Guided Exploration

Metadata

Metadata is data about data, or information about information. Examples are the name of an author or the title of a document. Metadata describes characteristics such as content, condition or quality of information. Libraries have used metadata for ages. They use it to categorize books and articles, but also as an instrument for exploration and search. In Aduna software, metadata is used for finding and exploring information sources.

Metadata and findability

Metadata

Explicit metadata

The use of (explicit) metadata improves the findability of information. This can be illustrated with the following example. Suppose you want to find information on a subject because you have to give a presentation on this subject. Common search engines return millions of hits. Overwhelmed by the number it is hard to find the right document. When metadata is available about subject you would learn that it is related to subjectA and subjectB. This information helps you to focus and increases the findability of information.
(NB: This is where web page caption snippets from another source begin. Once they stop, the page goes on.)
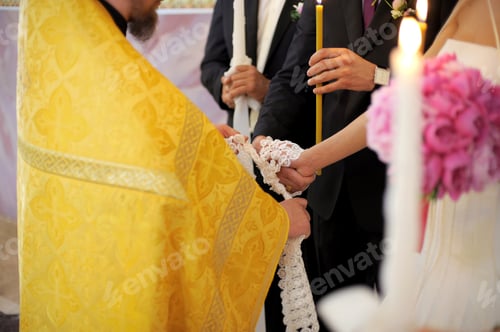 Preview: Bride And Groom Holding Hands During Church Wedding Ceremony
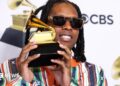 Lil Durk wearing sunglasses and a multi-coloured suit, and holding up the gold gramophone-shaped Grammy Award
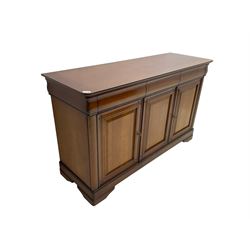 Cherry wood sideboard, fitted with three cushion drawers over three panelled cupboard doors, on bracket feet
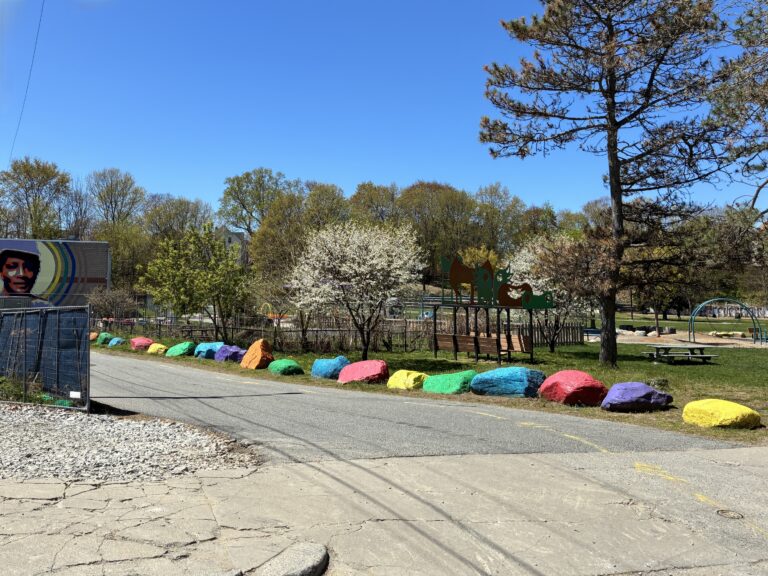 Father Lennon Park from the driveway entrance to Rogers Recreation center with colorful boulders and picnic area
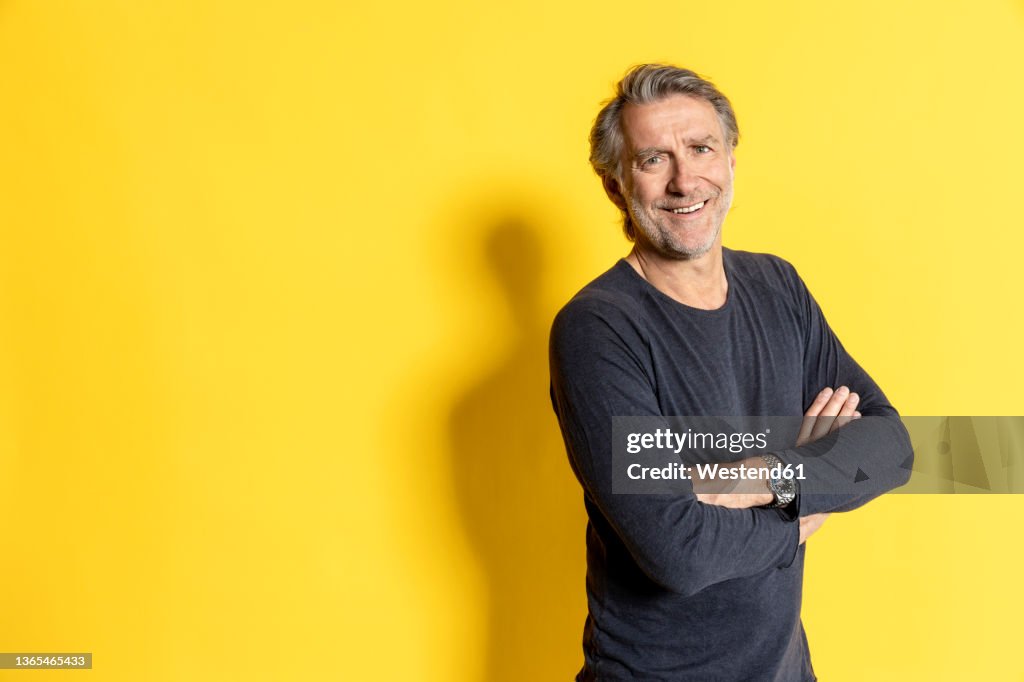 Smiling businessman with arms crossed in front of yellow background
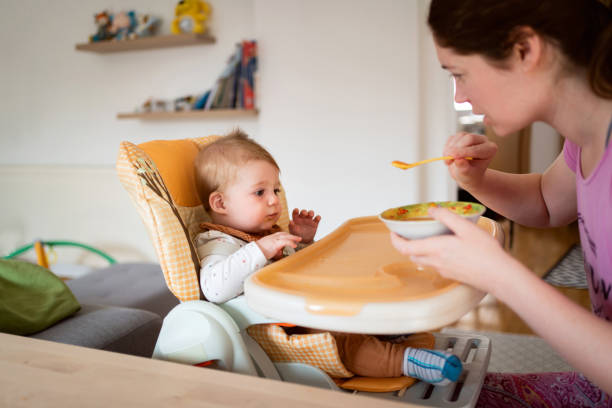 istock Mother feeding her baby boy at home 1314636528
Ontologies, thesauri and taxonomies

An ontology is metadata with (hierarchical) structure. The structure describes relations between concepts. There are ontologies with predefined relations. A thesaurus uses 'is broader than', 'is narrower than' and 'is related to' relations. A famous thesaurus is the Arts and Architecture Thesaurus (AAT) of the Getty Institute. It is based on 34,000 concepts and describes fine art, architecture, decorative arts, archival materials, and material culture. A taxonomy is usually based on hierarchical relations.

Standards for metadata

Dublin Core and standard metadata schemes

Dublin Core logo

Dublin Core is a standard metadata scheme. A standard metadata scheme is a collection of metadata terms that can be used to annotate or classify information. Dublin Core is such a standard. It has terms like Contributor, Creator, Title and Description. The Dublin Core standard is generic (as in: not specific for a domain). There are more domain specific metadata standards, like CIDOC CRM that is used in the world of museums.

RDF and OWL

RDF logo

Like XML is a mechanism to annotate data (for example with tags like Author=J.Doe), RDF and OWL are languages that describe metadata. RDF (Resource Description Framework) is a language that enables simple, machine-interpretable expressions about information. In RDF you are able to express that 'J. Doe' is an 'Author', that 'Author' is_a 'Person' and that 'Person' lives_in 'Town'. Now the computer can infer that 'J.Doe' possibly lives in some 'Town'. Simple for us humans, new for computers. OWL (Web Ontology Language) is a language that is capable of more complex expressions than RDF.